[Opening Listed entries section]
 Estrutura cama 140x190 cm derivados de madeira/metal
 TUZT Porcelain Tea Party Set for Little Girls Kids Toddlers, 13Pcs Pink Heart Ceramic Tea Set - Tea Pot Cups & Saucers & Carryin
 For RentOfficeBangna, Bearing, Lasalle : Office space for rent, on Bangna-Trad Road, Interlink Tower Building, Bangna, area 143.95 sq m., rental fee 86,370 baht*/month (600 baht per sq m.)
[Closing Listed entries section]
[Opening Listed entries section]
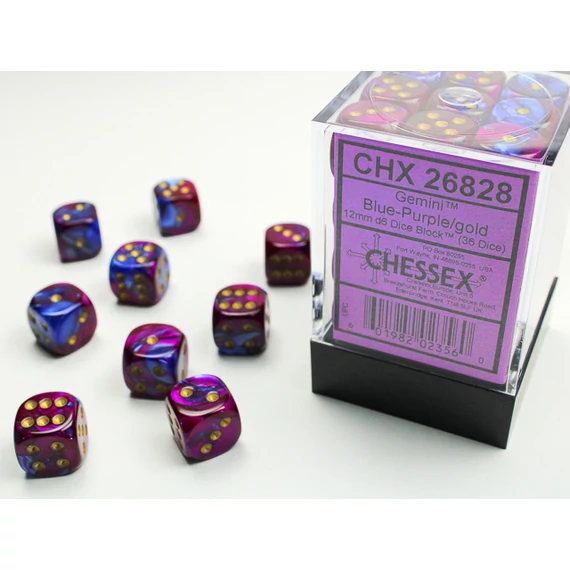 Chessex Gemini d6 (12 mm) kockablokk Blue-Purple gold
[Closing Listed entries section]
# Exercise directions
Please give again the lines above between the line holding "Estrutura cama 140x190" and the line holding "For RentOfficeBangna, Bearing, Lasalle", inclusive, exactly as they are and with nothing added.

# Output for this exercise
 Estrutura cama 140x190 cm derivados de madeira/metal
 TUZT Porcelain Tea Party Set for Little Girls Kids Toddlers, 13Pcs Pink Heart Ceramic Tea Set - Tea Pot Cups & Saucers & Carryin
 For RentOfficeBangna, Bearing, Lasalle : Office space for rent, on Bangna-Trad Road, Interlink Tower Building, Bangna, area 143.95 sq m., rental fee 86,370 baht*/month (600 baht per sq m.)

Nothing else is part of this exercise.